We see several barriers that need to be addressed to support faster adoption of green bonds, and to ensure bond proceeds go towards the projects required to enable a sustainable economy.
- No single standard: There is still no single, widely accepted and enforceable set of standards and definitions for green or sustainable bonds. Several frameworks exist, including Climate Bonds Initiative which offers standards and certification, the Green Bond Principles created by the ICMA and more recently Moody’s Green Bonds Assessment and Scorecard. Corporates planning to issue a green bond need to be aware of these frameworks, but the fact that there are several demonstrates a lack of alignment across the market. While each framework covers similar elements such as use of proceeds, bond governance and disclosure, there is not one single approved framework that all bonds are required to adhere to, making it difficult to compare and evaluate bonds equally.

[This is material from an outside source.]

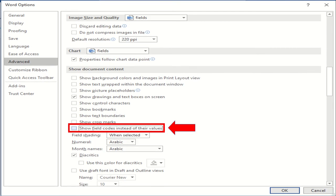In Show Document Content section, uncheck the option Show Field Codes instead of their values.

- Incomplete project specific standards and metrics: The Climate Bonds Initiative is doing excellent work with teams of experts developing criteria for specific projects in water, solar, wind, buildings, geothermal, and transport, with similar criteria for bioenergy and land use on the way. These criteria are not yet used for all bond projects though, and are limited to projects that contribute to a low-carbon economy. While climate change is arguably one of the most critical sustainability issues of our time, the focus on low-carbon economy misses the opportunity to assess green bond funded projects that contribute to sustainability in other ways. What about projects that deliver social impacts and those that build resilience to climate change? These are also important initiatives for corporates to consider.
- No required independent review: The growth of second party verification of green bonds is a required step for the Climate Bonds Initiative, but many bonds are still not verified. For an investor considering purchasing green bonds and for a corporation interested in issuing them, this is a critical step. Furthermore, even when a bond is verified, the methods and metrics used by second opinion providers may differ. Again, the Climate Bonds Initiative is leading here by offering a list of approved verifiers that are vetted, but there is no evaluation of how strong one second party opinion is over another, leaving issuers and investors with reviews that may be inconsistent from one verifier to another.
- Limited impact reporting and no legal enforceability: There is also still limited and inconsistent reporting on ongoing project impact after a bond has been issued. Both verification and reporting are still only voluntary and where a green bond does publish an impact report, many are not audited. The better bonds are verified, report on impact and are audited, but even when this does happen, there is currently no legal penalty if the promised ‘green’ impact isn’t achieved.
- Verification Cost: Currently, issuers bear the burden of the additional cost necessary to deliver what we could call a ‘good’ green bond, which includes verification and independent review, ongoing reporting and audited reports. Hopefully in the future this cost will be shared with the investor or result in a price premium for bonds that are verified and deliver on impacts.
Although standards and verification are not yet unified across the market, the work of Climate Bonds Initiative and others is a critical and necessary first step toward the goal of a transparent and impact-driven green bond market. It will take time, trial and error and more data, but many of the actors in this space from non-profits to the verifiers, issuers and investors, are working towards this goal. As a trusted advisor to many leading corporations, SustainAbility is dedicated to helping foster the awareness of and issuance of green bonds across the corporate sector. Several of the issues mentioned here are neither quickly or easily resolved, but we will continue to watch and support this space through our work.